The entries below contain pictures. Write out only the lines from the line with "Kẹp Tóc Hình" up to and including the line with "29 x THORGAL.", exactly, without them.

**SUPPLIED DATA**
+ + + + + + +
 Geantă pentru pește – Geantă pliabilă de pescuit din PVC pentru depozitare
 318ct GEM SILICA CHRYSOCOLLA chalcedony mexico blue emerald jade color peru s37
+ + + + + + +
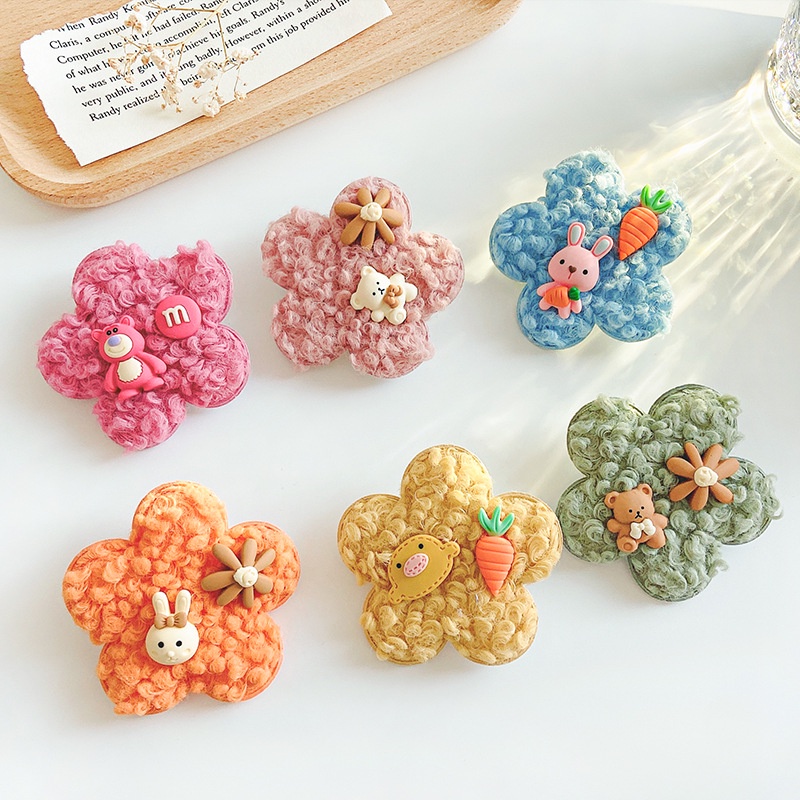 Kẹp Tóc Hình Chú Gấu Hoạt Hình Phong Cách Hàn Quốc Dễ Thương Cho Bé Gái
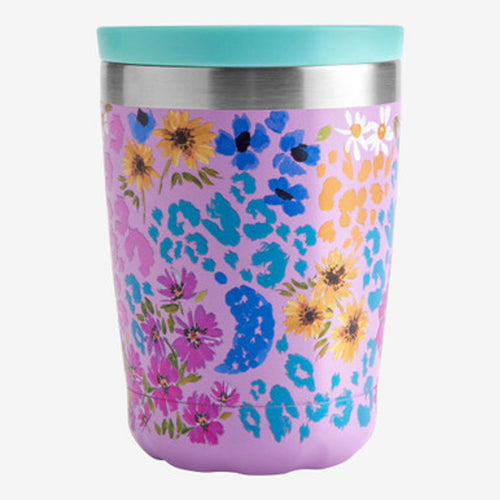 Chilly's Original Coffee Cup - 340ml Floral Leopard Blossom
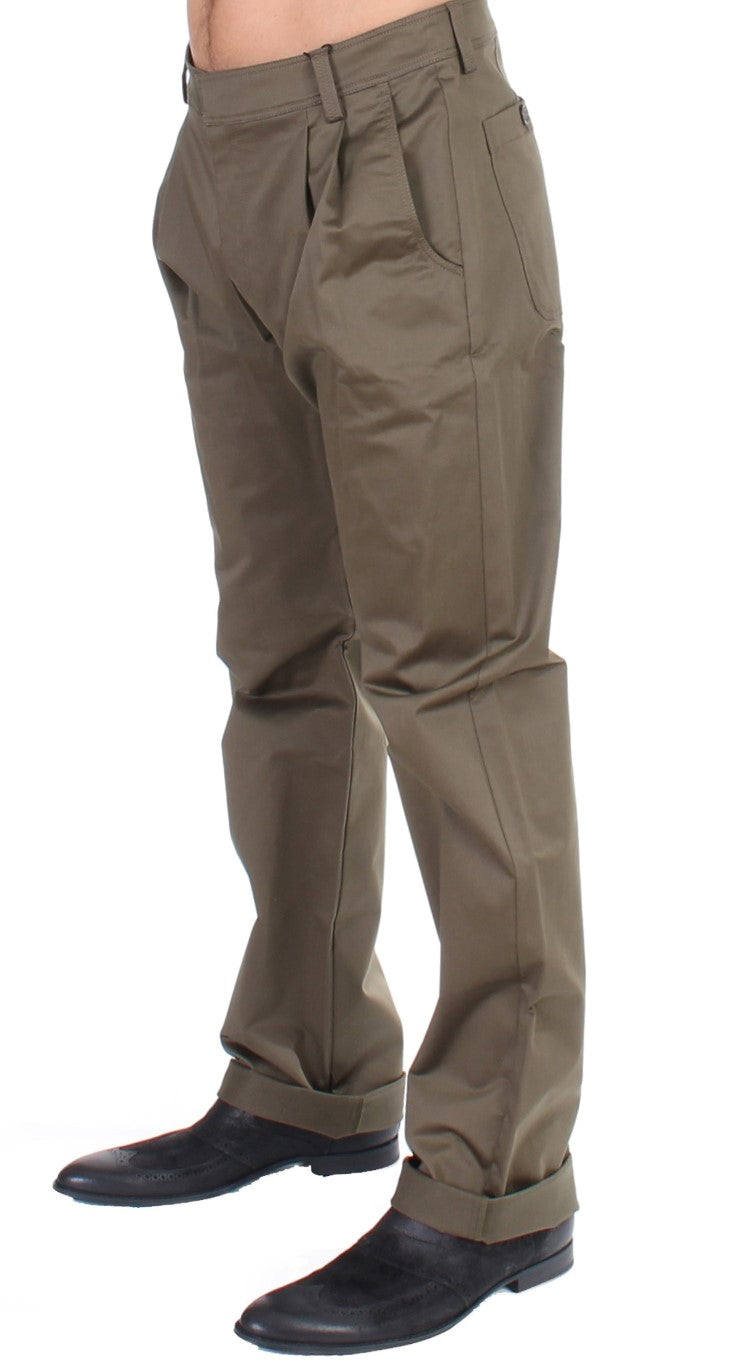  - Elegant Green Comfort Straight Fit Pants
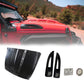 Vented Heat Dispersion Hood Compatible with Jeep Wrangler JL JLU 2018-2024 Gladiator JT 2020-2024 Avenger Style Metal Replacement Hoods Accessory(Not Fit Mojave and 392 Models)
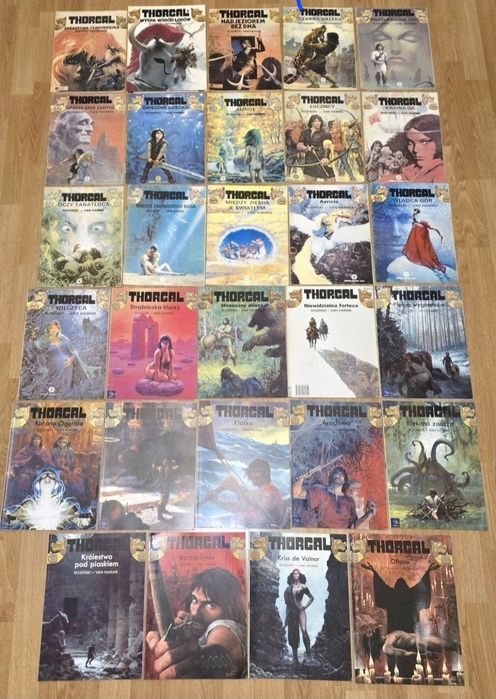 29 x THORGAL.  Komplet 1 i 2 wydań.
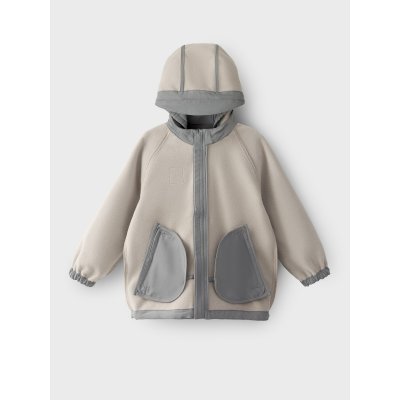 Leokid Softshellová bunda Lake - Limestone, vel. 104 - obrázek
+ + + + + + +
**ANSWER BELOW**
 Kẹp Tóc Hình Chú Gấu Hoạt Hình Phong Cách Hàn Quốc Dễ Thương Cho Bé Gái
 Chilly's Original Coffee Cup - 340ml Floral Leopard Blossom
  - Elegant Green Comfort Straight Fit Pants
 Vented Heat Dispersion Hood Compatible with Jeep Wrangler JL JLU 2018-2024 Gladiator JT 2020-2024 Avenger Style Metal Replacement Hoods Accessory(Not Fit Mojave and 392 Models)
 29 x THORGAL.  Komplet 1 i 2 wydań.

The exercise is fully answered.